__Activity__
When a line of the records below contains the string "Blue", copy that whole line.

★ ★ ★ ★ ★

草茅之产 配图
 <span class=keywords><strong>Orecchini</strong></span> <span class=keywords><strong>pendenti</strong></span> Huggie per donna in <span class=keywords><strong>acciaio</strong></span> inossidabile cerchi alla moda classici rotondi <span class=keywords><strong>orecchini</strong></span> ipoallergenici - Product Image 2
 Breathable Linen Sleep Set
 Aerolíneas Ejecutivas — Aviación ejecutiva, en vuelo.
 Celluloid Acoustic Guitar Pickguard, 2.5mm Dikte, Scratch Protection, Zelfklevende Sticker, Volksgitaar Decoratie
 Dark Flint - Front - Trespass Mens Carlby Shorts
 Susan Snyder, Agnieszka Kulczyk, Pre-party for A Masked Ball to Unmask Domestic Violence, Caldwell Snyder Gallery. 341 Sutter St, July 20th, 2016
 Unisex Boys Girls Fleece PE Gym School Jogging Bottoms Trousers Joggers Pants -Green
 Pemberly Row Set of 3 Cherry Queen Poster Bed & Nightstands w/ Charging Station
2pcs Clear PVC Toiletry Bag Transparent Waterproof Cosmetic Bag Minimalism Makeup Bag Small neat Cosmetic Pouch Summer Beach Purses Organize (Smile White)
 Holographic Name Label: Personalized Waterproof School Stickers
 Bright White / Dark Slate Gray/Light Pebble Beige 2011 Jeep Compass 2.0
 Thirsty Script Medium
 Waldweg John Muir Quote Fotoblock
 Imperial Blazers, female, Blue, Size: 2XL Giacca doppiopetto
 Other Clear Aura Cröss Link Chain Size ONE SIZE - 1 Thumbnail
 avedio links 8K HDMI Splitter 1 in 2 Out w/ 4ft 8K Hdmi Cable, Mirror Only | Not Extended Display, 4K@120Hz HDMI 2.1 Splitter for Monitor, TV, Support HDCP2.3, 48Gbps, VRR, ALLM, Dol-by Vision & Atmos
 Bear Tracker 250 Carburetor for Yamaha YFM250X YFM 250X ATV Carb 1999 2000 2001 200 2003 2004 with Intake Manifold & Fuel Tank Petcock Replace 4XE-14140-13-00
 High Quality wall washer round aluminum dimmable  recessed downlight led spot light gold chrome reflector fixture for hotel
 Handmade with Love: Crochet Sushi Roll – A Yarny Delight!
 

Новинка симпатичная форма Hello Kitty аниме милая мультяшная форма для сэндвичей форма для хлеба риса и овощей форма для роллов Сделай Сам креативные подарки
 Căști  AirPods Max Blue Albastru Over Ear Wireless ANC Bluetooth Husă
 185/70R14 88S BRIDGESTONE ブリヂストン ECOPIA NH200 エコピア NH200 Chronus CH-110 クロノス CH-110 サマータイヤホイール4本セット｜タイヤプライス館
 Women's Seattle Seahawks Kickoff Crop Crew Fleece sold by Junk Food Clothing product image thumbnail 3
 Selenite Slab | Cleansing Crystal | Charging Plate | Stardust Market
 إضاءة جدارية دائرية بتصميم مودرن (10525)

★ ★ ★ ★ ★

__Worked solution__
 Imperial Blazers, female, Blue, Size: 2XL Giacca doppiopetto
 Căști  AirPods Max Blue Albastru Over Ear Wireless ANC Bluetooth Husă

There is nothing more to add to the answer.